Si un grupo de pobladores toma una planta o restringe el acceso a una mina impidiendo su operación, ¿el afectado puede lograr que el Estado le indemnice por no haber garantizado protección a sus inversiones? Depende. Si es extranjero, probablemente lo logre. Si ha “nacido en esta hermosa tierra del sol”, ¡ta fregado!
El año pasado se hizo público un laudo emitido en un arbitraje internacional, que condena a la República del Perú a pagar a un inversionista canadiense (Lupaka Gold) una compensación de US$40,4 millones. Además, le ordena pagar US$4,2 millones por gastos del litigio (costos de abogados inclusive). El inversionista ha amenazado con embargar bienes del Estado si no le pagan.
El reclamo se hizo en el marco del tratado de libre comercio entre Canadá y el Perú y el Convenio del Ciadi, que establecen garantías y protecciones especiales a los canadienses que decidan invertir en el país. Una de ellas es la posibilidad de discutir sus reclamos ante árbitros independientes y no ante jueces peruanos. Otra es que el Estado se compromete a adoptar medidas para garantizar la seguridad y la protección de la inversión frente a actos de terceros. Sin este tipo de garantías no lograríamos atraer la inversión extranjera que necesitamos para construir puertos, aeropuertos o carreteras. La comida peruana no es suficiente para convencer a un extranjero a poner su dinero en esta “hermosa tierra del sol”.
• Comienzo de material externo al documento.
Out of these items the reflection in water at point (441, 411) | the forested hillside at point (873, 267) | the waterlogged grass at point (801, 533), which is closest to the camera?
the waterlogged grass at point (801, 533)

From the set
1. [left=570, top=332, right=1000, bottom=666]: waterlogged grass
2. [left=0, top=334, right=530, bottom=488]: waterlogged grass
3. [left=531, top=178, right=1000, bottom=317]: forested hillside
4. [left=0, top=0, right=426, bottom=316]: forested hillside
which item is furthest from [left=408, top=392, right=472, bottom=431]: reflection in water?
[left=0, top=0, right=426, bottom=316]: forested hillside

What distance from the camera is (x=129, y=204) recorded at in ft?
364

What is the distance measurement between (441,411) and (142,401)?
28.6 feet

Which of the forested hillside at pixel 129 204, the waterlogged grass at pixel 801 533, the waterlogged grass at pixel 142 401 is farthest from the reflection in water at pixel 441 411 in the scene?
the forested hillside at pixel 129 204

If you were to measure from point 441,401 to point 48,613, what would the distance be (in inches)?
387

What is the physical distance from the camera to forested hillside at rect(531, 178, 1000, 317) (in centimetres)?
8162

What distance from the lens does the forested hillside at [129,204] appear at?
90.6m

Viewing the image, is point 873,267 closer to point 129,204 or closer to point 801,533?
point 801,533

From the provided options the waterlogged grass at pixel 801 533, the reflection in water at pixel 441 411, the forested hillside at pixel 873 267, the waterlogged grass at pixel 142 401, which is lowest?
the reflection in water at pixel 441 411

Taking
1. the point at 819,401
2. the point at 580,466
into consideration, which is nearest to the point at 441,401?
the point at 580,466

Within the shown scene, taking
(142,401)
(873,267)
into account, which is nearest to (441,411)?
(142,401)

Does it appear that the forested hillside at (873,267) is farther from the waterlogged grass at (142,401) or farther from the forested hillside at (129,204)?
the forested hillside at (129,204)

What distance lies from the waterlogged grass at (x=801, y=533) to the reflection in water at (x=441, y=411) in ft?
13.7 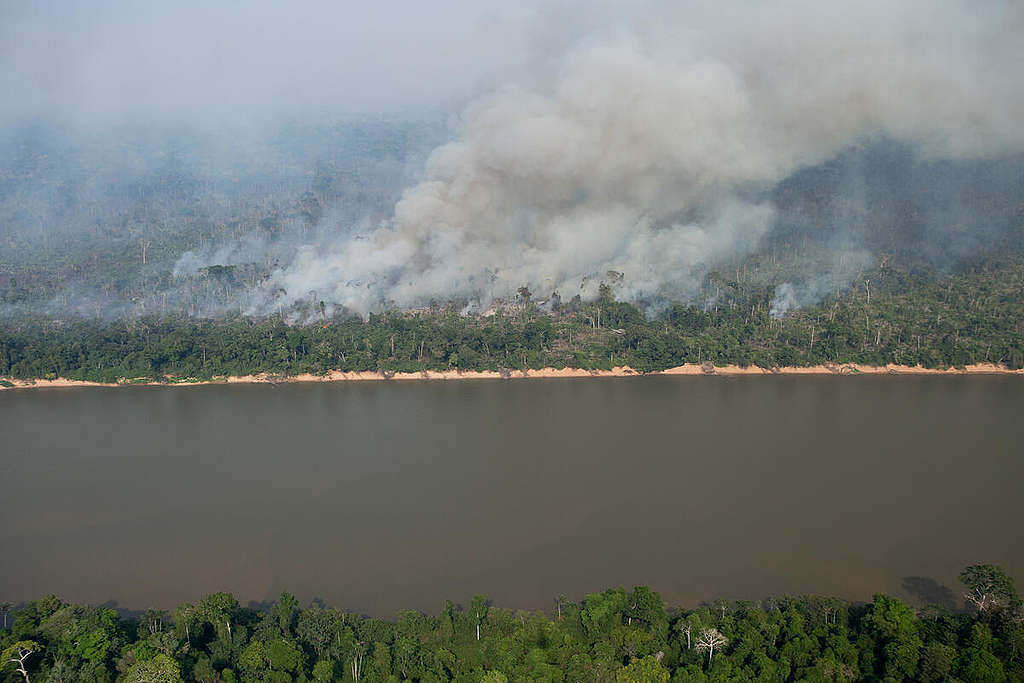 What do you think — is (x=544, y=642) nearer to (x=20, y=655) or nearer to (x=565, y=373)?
(x=20, y=655)

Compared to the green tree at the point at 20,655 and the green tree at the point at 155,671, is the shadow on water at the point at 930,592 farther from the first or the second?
the green tree at the point at 20,655

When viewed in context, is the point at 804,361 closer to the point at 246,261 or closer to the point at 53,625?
the point at 53,625

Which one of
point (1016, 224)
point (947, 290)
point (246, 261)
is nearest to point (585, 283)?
point (947, 290)

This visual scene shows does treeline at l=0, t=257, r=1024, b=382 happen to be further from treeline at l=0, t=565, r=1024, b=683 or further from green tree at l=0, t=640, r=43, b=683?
green tree at l=0, t=640, r=43, b=683

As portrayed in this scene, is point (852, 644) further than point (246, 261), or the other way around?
point (246, 261)

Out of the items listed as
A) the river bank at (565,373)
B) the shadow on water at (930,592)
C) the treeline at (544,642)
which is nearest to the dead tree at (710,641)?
the treeline at (544,642)

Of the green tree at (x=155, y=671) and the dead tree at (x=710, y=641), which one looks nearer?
the green tree at (x=155, y=671)

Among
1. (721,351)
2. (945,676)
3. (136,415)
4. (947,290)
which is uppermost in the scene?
(947,290)

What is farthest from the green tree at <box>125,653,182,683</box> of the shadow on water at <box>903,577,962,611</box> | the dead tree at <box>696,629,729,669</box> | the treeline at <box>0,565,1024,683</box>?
the shadow on water at <box>903,577,962,611</box> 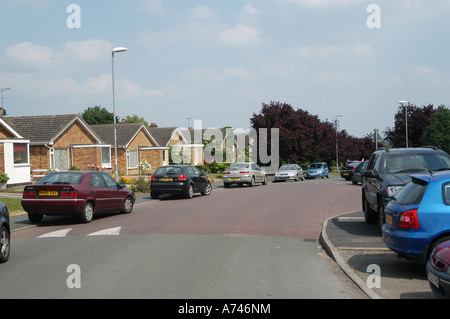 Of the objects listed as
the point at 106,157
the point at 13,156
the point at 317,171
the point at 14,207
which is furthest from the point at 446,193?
the point at 317,171

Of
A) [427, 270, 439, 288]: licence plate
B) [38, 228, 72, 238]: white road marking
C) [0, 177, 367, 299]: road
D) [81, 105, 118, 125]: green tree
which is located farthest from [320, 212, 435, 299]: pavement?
[81, 105, 118, 125]: green tree

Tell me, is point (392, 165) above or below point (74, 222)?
above

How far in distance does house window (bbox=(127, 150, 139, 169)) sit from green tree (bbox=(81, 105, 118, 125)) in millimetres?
58119

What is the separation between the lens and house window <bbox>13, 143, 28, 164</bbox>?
29.3 meters

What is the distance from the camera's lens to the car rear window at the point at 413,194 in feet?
22.6

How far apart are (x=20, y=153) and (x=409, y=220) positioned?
2760 centimetres

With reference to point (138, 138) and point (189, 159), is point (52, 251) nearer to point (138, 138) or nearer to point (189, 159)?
point (138, 138)

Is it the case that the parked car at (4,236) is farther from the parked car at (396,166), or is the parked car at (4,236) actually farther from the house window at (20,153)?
the house window at (20,153)

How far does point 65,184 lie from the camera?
1317 centimetres

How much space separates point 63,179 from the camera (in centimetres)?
1348

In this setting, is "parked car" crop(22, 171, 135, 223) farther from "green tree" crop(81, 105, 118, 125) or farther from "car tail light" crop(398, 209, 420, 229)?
"green tree" crop(81, 105, 118, 125)

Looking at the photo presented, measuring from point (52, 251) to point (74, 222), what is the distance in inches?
190

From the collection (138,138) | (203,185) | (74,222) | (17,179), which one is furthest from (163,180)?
(138,138) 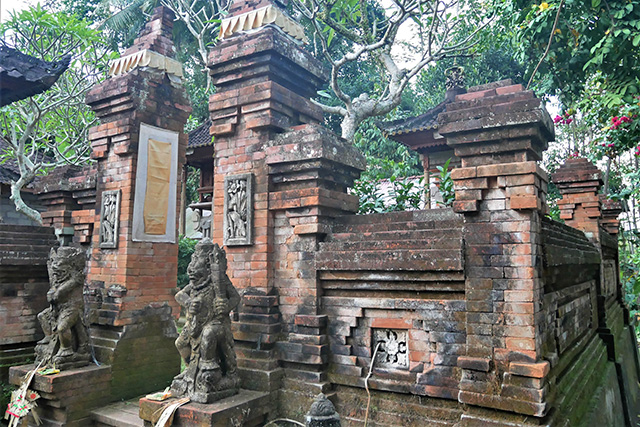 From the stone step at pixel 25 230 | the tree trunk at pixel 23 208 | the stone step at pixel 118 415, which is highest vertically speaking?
the tree trunk at pixel 23 208

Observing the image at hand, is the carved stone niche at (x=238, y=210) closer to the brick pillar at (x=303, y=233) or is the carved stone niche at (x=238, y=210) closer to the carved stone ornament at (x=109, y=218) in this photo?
the brick pillar at (x=303, y=233)

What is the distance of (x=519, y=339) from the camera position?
11.6 ft

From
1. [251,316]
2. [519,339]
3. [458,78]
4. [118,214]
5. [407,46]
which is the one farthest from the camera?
[407,46]

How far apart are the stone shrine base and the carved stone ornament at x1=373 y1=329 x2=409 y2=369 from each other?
1149mm

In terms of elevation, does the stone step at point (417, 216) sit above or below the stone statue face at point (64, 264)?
above

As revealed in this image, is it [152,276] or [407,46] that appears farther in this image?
[407,46]

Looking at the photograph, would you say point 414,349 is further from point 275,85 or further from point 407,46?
point 407,46

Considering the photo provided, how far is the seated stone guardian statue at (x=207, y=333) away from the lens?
4.16 m

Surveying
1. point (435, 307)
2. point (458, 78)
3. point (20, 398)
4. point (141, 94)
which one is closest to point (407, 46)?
point (458, 78)

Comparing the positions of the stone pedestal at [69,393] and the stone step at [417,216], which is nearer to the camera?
the stone step at [417,216]

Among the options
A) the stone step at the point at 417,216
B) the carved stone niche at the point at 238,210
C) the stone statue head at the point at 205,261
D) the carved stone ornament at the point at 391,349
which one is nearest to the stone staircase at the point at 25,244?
the carved stone niche at the point at 238,210

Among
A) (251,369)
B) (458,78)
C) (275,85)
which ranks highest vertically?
(458,78)

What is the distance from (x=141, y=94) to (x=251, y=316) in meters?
3.51

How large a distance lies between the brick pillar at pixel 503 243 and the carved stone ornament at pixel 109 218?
4.32m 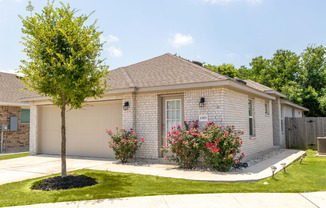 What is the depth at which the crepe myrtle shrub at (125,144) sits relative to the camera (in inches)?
386

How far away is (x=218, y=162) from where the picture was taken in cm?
811

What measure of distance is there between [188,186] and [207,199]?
1143mm

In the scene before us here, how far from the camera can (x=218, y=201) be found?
510 cm

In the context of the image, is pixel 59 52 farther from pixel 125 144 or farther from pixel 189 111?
pixel 189 111

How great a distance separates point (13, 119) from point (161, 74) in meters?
11.8

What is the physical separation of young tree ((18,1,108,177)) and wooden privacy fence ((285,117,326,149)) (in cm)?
1441

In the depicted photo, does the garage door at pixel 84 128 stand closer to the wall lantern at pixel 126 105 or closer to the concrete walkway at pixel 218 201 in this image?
the wall lantern at pixel 126 105

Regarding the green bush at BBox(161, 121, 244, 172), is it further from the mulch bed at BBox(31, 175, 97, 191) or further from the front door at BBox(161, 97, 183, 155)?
the mulch bed at BBox(31, 175, 97, 191)

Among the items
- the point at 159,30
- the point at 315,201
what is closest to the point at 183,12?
the point at 159,30

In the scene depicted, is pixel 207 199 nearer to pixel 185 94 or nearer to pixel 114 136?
pixel 185 94

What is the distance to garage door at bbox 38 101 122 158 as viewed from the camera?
469 inches

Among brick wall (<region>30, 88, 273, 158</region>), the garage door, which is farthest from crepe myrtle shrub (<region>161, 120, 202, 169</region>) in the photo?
the garage door

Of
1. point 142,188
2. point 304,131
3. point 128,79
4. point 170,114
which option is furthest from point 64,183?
point 304,131

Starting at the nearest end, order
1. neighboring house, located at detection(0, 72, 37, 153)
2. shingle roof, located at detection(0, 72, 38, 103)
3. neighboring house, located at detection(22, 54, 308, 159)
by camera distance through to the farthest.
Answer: neighboring house, located at detection(22, 54, 308, 159)
neighboring house, located at detection(0, 72, 37, 153)
shingle roof, located at detection(0, 72, 38, 103) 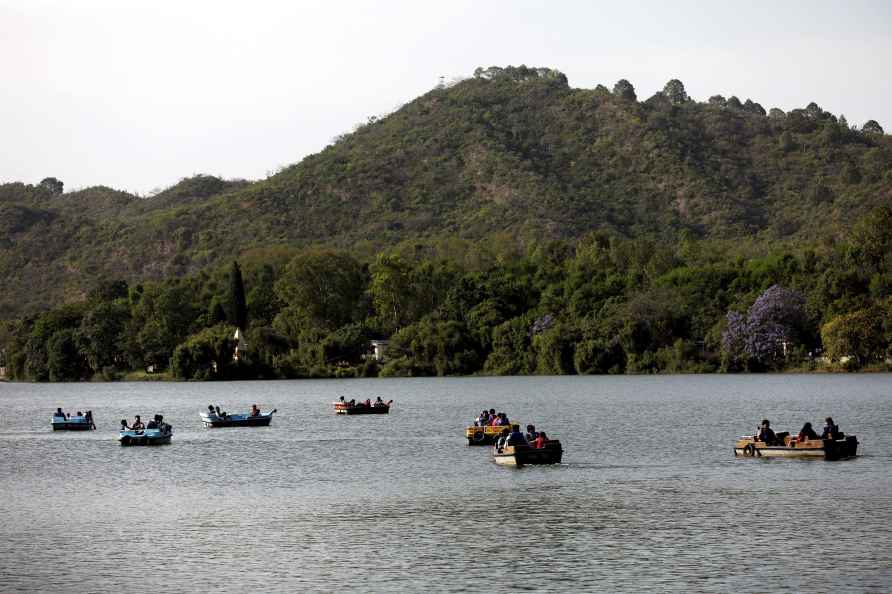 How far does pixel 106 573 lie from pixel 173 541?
17.5ft

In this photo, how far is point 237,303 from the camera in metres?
189

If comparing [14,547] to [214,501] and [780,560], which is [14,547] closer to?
[214,501]

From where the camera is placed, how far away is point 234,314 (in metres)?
189

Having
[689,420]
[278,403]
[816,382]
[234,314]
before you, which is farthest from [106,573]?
[234,314]

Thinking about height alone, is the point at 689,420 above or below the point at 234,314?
below

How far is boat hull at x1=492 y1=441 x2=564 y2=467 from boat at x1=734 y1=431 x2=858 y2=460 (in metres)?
8.92

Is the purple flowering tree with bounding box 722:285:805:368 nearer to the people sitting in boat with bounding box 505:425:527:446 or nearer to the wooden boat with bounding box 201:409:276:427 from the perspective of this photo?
the wooden boat with bounding box 201:409:276:427

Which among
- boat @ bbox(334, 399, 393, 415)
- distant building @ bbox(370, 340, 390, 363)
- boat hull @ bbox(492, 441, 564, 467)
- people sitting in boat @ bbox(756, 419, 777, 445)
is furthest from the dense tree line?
boat hull @ bbox(492, 441, 564, 467)

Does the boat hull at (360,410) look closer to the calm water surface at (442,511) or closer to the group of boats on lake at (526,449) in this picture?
the calm water surface at (442,511)

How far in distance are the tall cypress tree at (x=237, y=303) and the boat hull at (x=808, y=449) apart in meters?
135

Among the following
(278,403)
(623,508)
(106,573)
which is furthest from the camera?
(278,403)

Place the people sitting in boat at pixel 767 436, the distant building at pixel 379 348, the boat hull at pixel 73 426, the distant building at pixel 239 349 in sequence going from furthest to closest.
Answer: the distant building at pixel 379 348
the distant building at pixel 239 349
the boat hull at pixel 73 426
the people sitting in boat at pixel 767 436

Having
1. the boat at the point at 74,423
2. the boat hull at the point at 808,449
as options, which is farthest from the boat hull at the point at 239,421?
the boat hull at the point at 808,449

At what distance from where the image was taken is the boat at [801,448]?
2318 inches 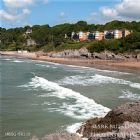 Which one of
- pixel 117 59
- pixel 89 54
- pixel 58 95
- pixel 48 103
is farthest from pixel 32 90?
pixel 89 54

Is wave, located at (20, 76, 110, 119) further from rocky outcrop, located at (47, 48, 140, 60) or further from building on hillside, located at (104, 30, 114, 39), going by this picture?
building on hillside, located at (104, 30, 114, 39)

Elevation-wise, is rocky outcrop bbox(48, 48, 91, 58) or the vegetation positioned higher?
the vegetation

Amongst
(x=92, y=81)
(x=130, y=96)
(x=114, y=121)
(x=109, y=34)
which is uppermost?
(x=109, y=34)

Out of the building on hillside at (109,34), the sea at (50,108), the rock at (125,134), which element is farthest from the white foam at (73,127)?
the building on hillside at (109,34)

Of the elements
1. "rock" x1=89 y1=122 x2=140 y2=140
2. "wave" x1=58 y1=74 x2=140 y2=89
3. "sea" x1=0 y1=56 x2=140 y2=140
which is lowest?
"wave" x1=58 y1=74 x2=140 y2=89

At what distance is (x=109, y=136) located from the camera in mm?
9031

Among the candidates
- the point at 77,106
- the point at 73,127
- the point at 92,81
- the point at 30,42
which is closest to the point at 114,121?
the point at 73,127

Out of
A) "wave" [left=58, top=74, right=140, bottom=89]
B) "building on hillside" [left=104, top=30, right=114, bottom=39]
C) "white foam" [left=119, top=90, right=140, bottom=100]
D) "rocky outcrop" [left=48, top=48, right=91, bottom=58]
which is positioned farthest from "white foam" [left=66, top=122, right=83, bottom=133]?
"building on hillside" [left=104, top=30, right=114, bottom=39]

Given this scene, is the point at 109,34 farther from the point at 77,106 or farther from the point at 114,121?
the point at 114,121

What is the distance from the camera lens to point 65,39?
127 meters

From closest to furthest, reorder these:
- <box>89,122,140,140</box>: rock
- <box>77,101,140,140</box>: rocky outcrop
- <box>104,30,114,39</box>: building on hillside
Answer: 1. <box>89,122,140,140</box>: rock
2. <box>77,101,140,140</box>: rocky outcrop
3. <box>104,30,114,39</box>: building on hillside

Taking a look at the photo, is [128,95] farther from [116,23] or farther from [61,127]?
[116,23]

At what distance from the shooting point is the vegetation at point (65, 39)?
294 feet

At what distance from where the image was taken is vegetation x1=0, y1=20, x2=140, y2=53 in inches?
3529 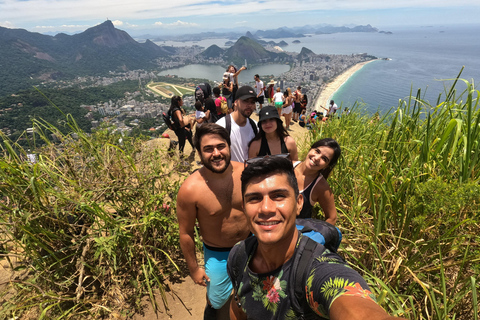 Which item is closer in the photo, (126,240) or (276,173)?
(276,173)

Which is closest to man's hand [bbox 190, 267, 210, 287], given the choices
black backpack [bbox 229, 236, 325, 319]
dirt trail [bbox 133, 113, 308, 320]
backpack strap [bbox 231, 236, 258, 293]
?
dirt trail [bbox 133, 113, 308, 320]

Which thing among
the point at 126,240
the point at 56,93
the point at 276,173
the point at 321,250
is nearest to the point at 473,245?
the point at 321,250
El Estado fue condenado a pagar la compensación porque –dentro de otras cosas– no cumplió con su obligación de brindar protección y seguridad adecuada al inversionista frente a las agresiones de pobladores de una comunidad campesina, quienes bloquearon el acceso a la mina, tomaron sus instalaciones e incluso atacaron a guardias de seguridad. Esas agresiones derivaron en la suspensión de sus actividades y en la imposibilidad de pagar un crédito, lo que ocasionó la pérdida del control de la empresa por sus accionistas.
Más allá de los méritos del caso, llama la atención que el Estado haya sido condenado a pagar una compensación por no proteger adecuadamente la inversión de una empresa ante agresiones de terceros.
Ese tipo de condena no es usual en el país y no porque estas agresiones sean raras. Basta mirar lo que ocurre en Pataz o recordar lo sucedido en los últimos paros agrarios en Virú o Ica. También la sufren bodegas, empresarios musicales y microbuseros. Aquí no hay posibilidad de invocar un tratado, ir a un arbitraje o al Ciadi. ¿Quién les paga a los empresarios nacionales por los daños a sus inversiones? Nadie.
Hemos creado un régimen muy efectivo para la protección de la inversión extranjera. Eso está bien. Nos hemos olvidado completamente de proteger la inversión local, al punto de que muchos empresarios nacionales buscan disfrazarse de extranjeros para lograr alguna protección. Esto no está bien. ¿Algún candidato a la presidencia ofrece mejorar las condiciones a la inversión local? ¿O seguiremos confiando en el indómito inca que, prefiriendo morir, legó a su raza la gran herencia de su valor? (Vals “Mi Perú”).